March 20, 2009 at 4:27 pm
Doug's complaint wasn't about organization inertial. Google is quite nimble for a company its size, IMO, at least compared to its peers.
His complaint was instead about how decisions were made. He didn't like the fact that all his design decisions were subjected to the cold light of data. He thought it was stupid or wasteful or, well, I'm not really sure what, to test 41 shades of blue. But what if those shades made a real difference?
It just depends on the language you speak. Doug speaks designer-ese, Google speaks data. His story makes it sound like they were talking past each other, not that Google was failing in any fundamental way.
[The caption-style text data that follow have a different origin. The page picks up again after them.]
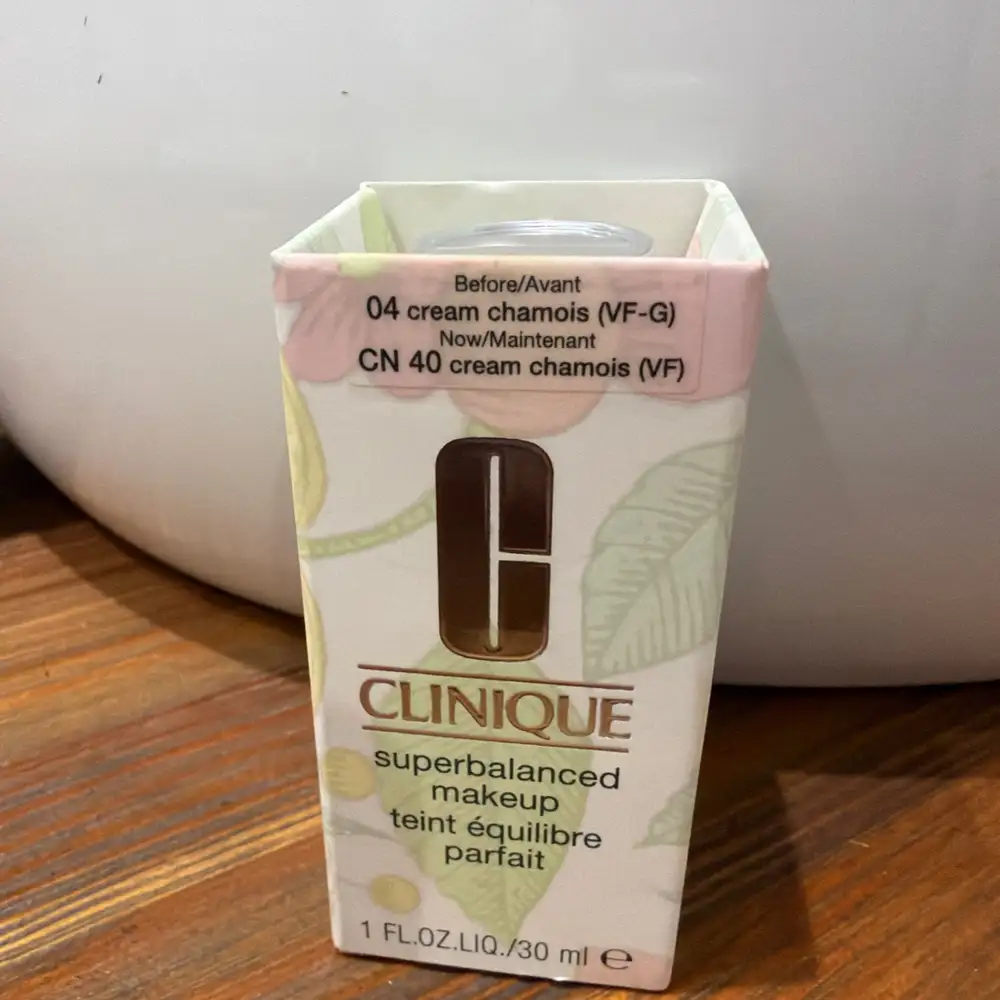 CLINIQUE - Teint équilibre parfait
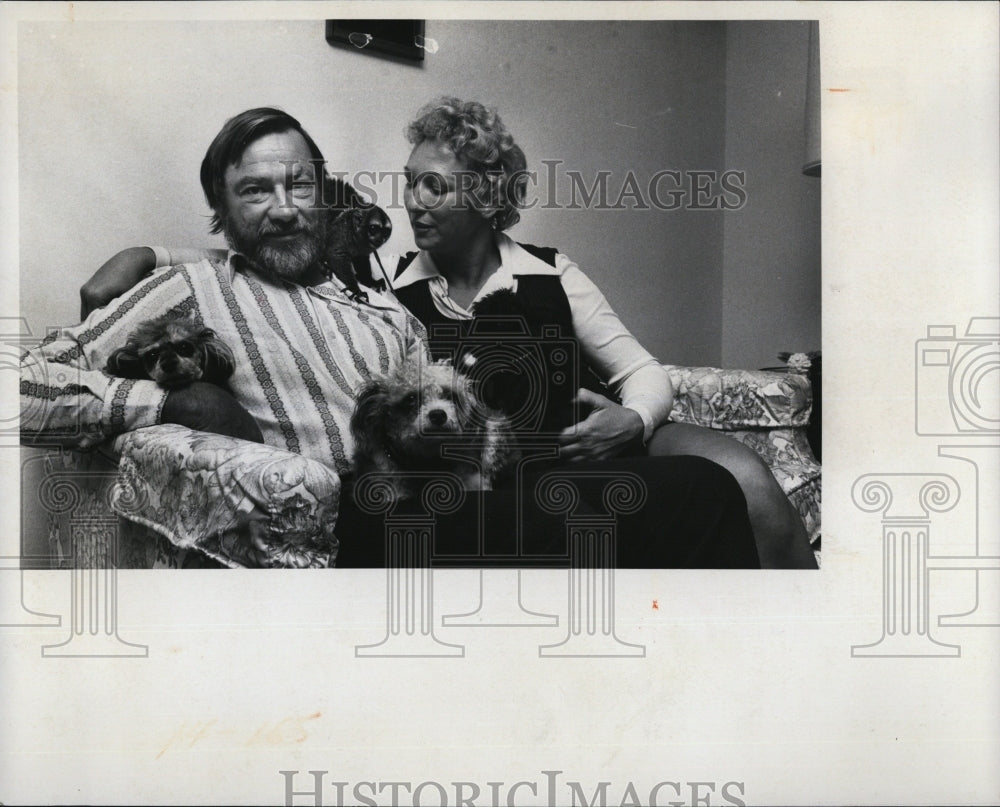 1974 Press Photo Marcel & Carolyn Vercoutere & pets at theit Tampa, Fla. home - Historic Images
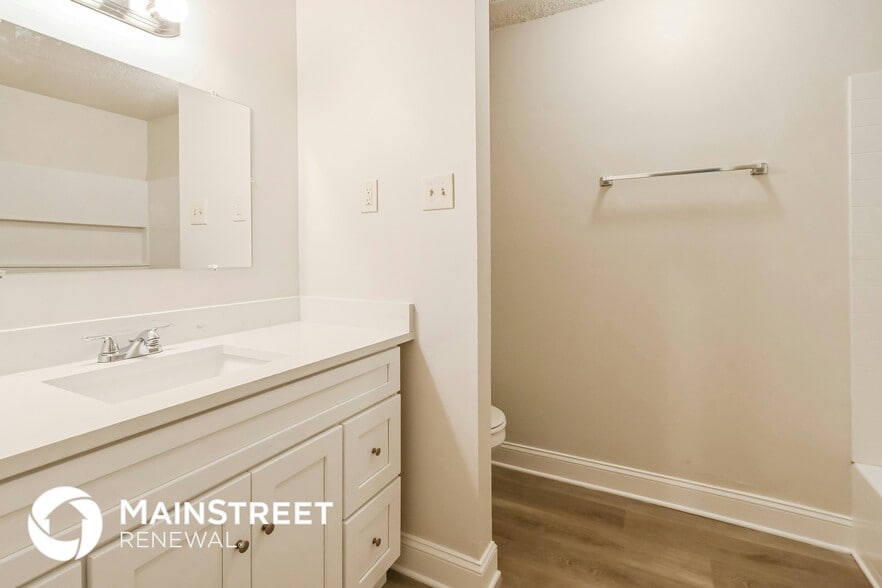 Building Photo - 4971 Craigmont Dr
Maybe a company like that isn't suitable for a designer like Doug. Amazon is the same way and I couldn't imagine being a designer there, for example.
March 21, 2009 at 3:00 am
Actually, creative destruction is through competition: newly organised business should replace obsolete industrial solutions; it's what's been happening to newspapers. What you describe is design or feature choice, and that is better described by the Aggregation business model (developped to explain software ndustry, but that match Car manufacturers too) where one company decides on what features to put in a limited number of sets, each set having a nice name a fancy ribbon around it. It's about avoiding the user to have to decide what driver, add-on and nook to install and how to make is work, because it's cheaper for a large organisation to make those decision then to let users figure them out; Linux is the counter example to that model and Distros are the classic case. Every possible sets annoys some, but should satisfy, mostly; every changes pleases somes, and makes others worst off. Examples of this includes: family with three children facing Family (Two adults + Two children) plans; iPhone developpers who made apps for features includeds in the 3.0; Windows users who need the Personal Business Version plus one feature only available in the Extra-Power Large Business Version.
— An anal-economist.
March 23, 2009 at 9:45 am
Please stop mentioning blue frog gaming in the same breath as Google and Facebook. You're losing credibility by the boatload.
March 23, 2009 at 3:08 pm
Oh, shocker. You deleted a negative comment. I bet you're busy.
March 23, 2009 at 3:25 pm
No, I deleted a stupid comment. Doesn't take much time.
March 24, 2009 at 4:33 pm
If by stupid, you mean any comment that disputes your silly little gaming website's “next google” status, then yes, my comment was stupid.
March 24, 2009 at 8:23 pm
If my article had implied that at all your comment may have made sense. But since it was so far from that, I decided I'd have better luck explaining quantum uncertainty to a cat than simple comparisons to you, so I just deleted your stupidity.
March 25, 2009 at 12:51 am
On a scale of 1-10, how smart are you?